Automatic Bucketizing of Features with Optimal Association

These details have not been verified by PyPI

Project links

Project description

PyPI PyPI - Python Version GitHub

This is a work in progress.

AutoCarver

AutoCarver is a powerful set of tools designed for binary classification problems. It offers a range of functionalities to enhance the feature engineering process and improve the performance of binary classification models. It provides:

Discretizers: Discretization of qualitative (ordinal or not) and quantitative features
AutoCarver: Bucketization of qualitative features that maximizes association with a binary target feature
FeatureSelector: Feature selection that maximizes association with binary target that offers control over inter-feature association.

Install

AutoCarver can be installed from PyPI:

pip install autocarver

Quick-Start Examples

Setting up Samples

AutoCarver is able to test the robustness of buckets on a dev sample X_dev.

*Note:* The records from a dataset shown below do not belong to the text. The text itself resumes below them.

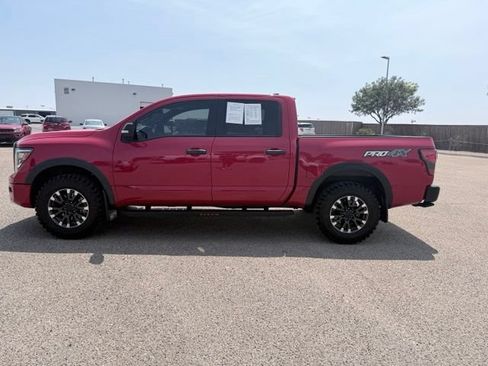 Used 2024 Nissan Titan PRO-4X w/ Pro-4x Convenience Package AWD/4WD image 9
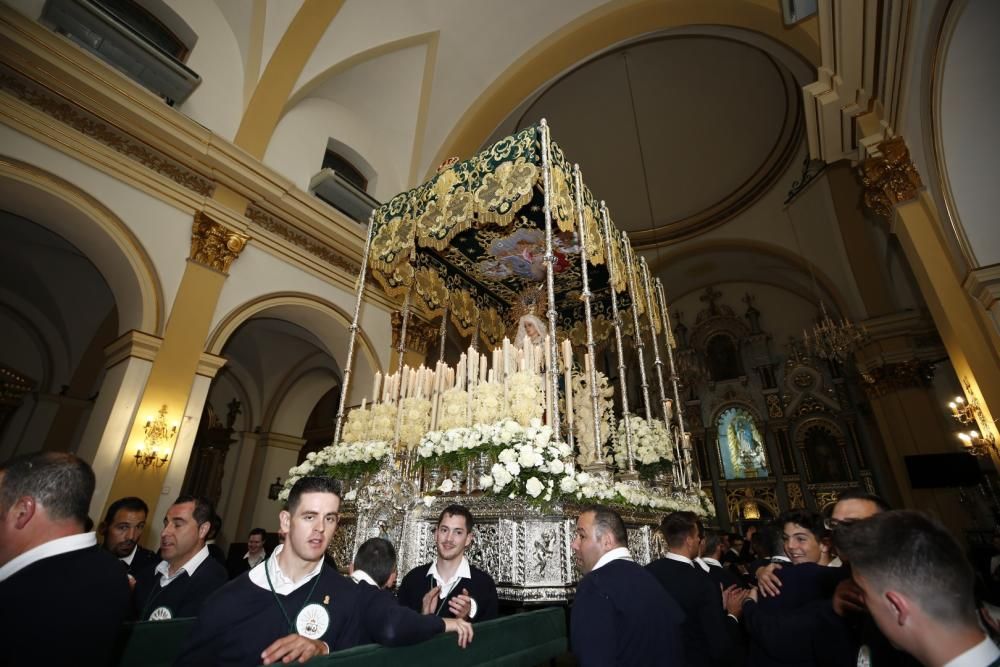 Domingo de Ramos: Procesión de Las Mantillas en Torrevieja con Nuestra Señora de La Esperanza y de La Paz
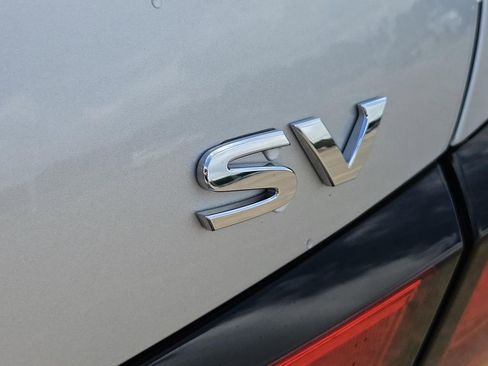 Used 2022 Nissan Altima 2.5 SV w/ SV Premium Package FWD image 8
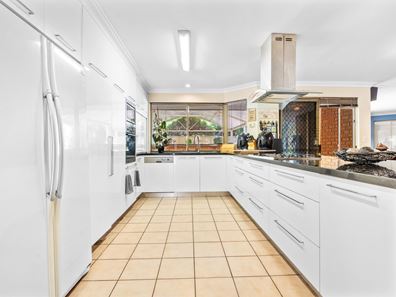 8 Casma Grove, Ballajura WA 6066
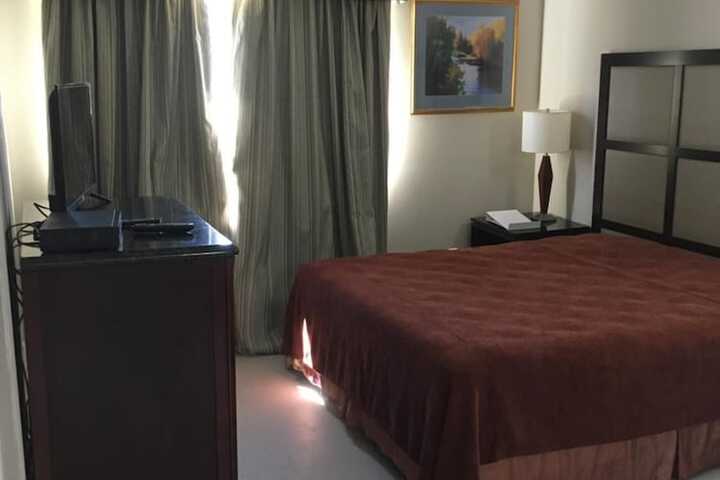 Room 11 of 21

# defining training and testing sets
X_train, y_train = ...  # used to fit the AutoCarver and the model
X_dev, y_dev = ...  # used to validate the AutoCarver's buckets and optimize the model's parameters/hyperparameters
X_test, y_test = ...  # used to evaluate the final model's performances

Initiating Pipeline

One of the great advantages of the AutoCarver package is its seamless integration with scikit-learn pipelines, making it incredibly convenient for production-level implementations. By leveraging scikit-learn's pipeline functionality, AutoCarver can be effortlessly incorporated into the end-to-end machine learning workflow.

from sklearn.pipeline import Pipeline

pipe = Pipeline()

Quickly build basic buckets with Discretizer

The AutoCarver.Discretizers is a user-friendly tool that enables the discretization of various types of data into basic buckets. With this package, users can easily transform qualitative, qualitative ordinal, and quantitative data into discrete categories for further analysis and modeling.

TODO: add info from QuantitativeDiscretizer and QuantitativeDiscretizer TODO: add stringconverter Discretizer is the combination of QuantitativeDiscretizer and QuantitativeDiscretizer.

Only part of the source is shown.